> **Recorded data**
* * * *
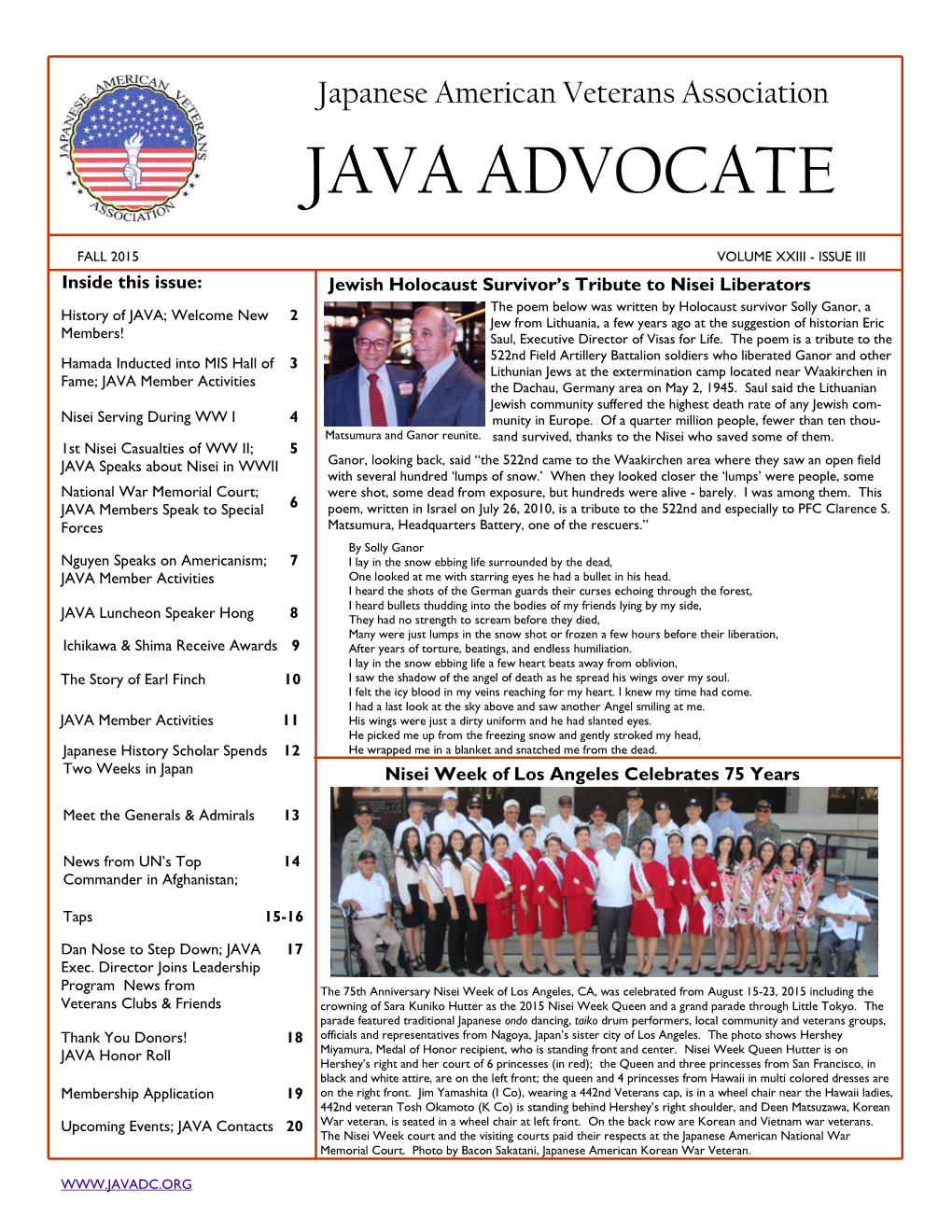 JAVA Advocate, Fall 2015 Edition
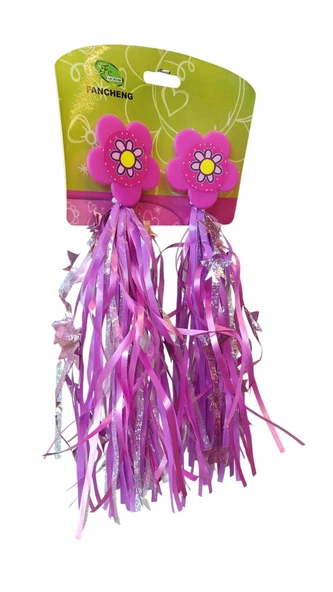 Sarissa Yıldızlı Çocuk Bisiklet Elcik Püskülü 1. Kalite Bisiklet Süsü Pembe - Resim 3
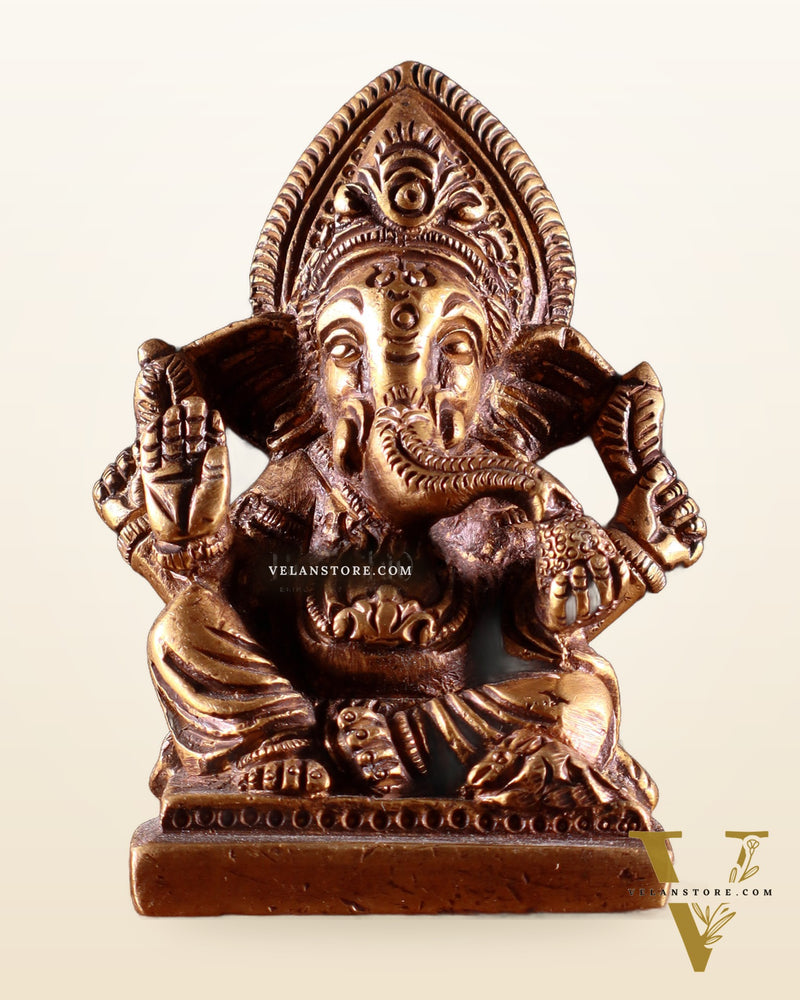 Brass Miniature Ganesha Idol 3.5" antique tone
* * * *
> **Work request**
Instruction for this listing: copy it exactly, but leave the images behind.

> **Answer to the exercise**
 JAVA Advocate, Fall 2015 Edition
 Sarissa Yıldızlı Çocuk Bisiklet Elcik Püskülü 1. Kalite Bisiklet Süsü Pembe - Resim 3
 Brass Miniature Ganesha Idol 3.5" antique tone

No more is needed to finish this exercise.